▶ [Exercise objective]
Any picture in the listing is left out of the copy; all else is duplicated exactly.

▶ [Available data]
********

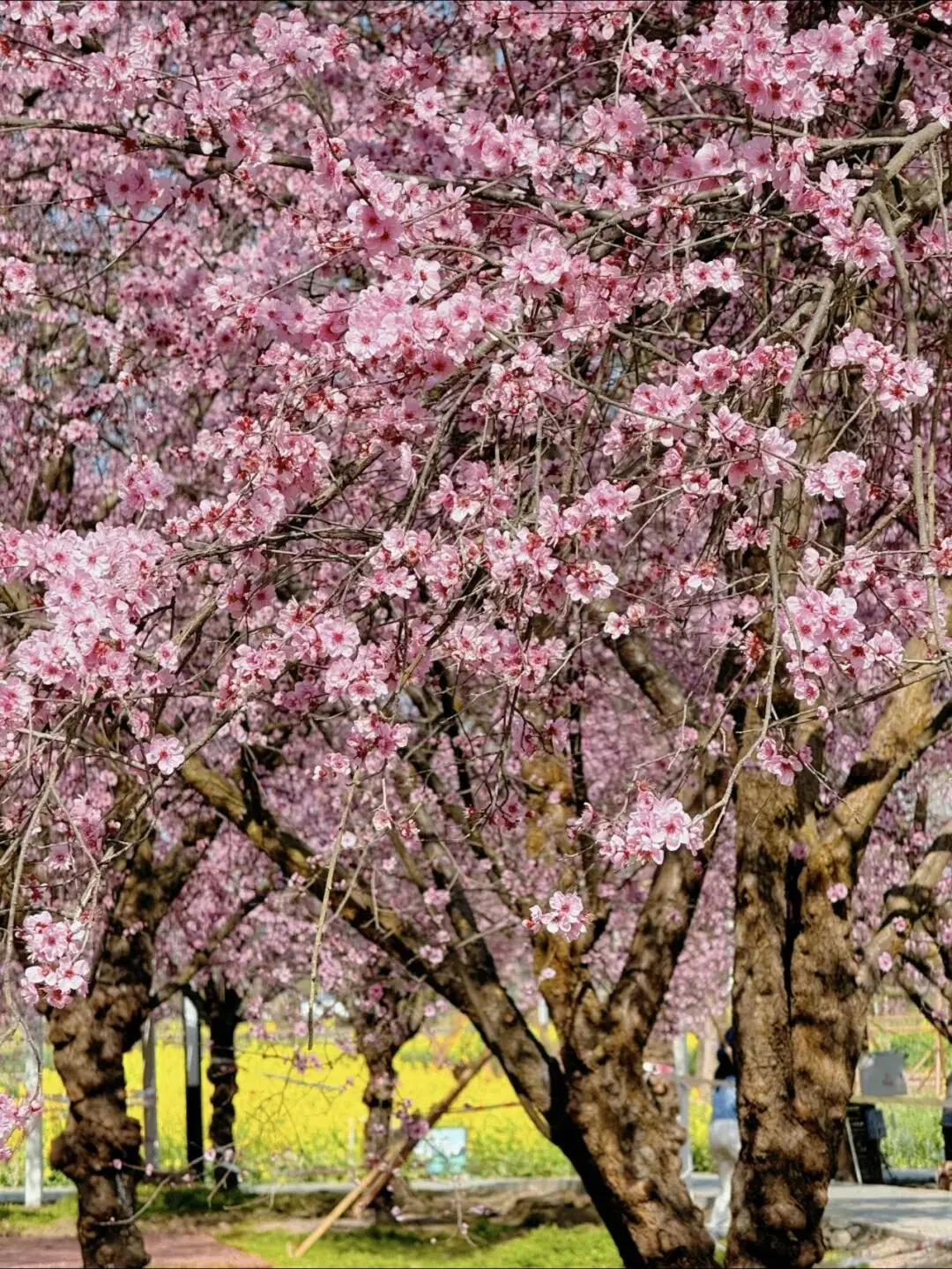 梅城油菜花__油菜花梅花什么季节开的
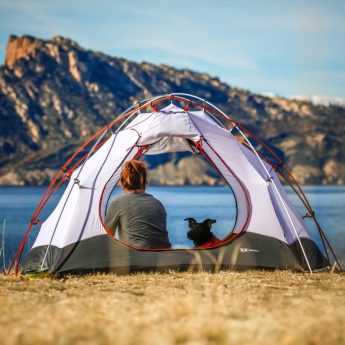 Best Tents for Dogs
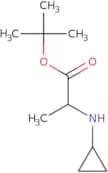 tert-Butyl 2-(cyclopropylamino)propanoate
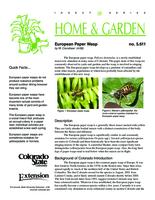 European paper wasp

********

▶ [The completed task]
 梅城油菜花__油菜花梅花什么季节开的
 Best Tents for Dogs
 tert-Butyl 2-(cyclopropylamino)propanoate
 European paper wasp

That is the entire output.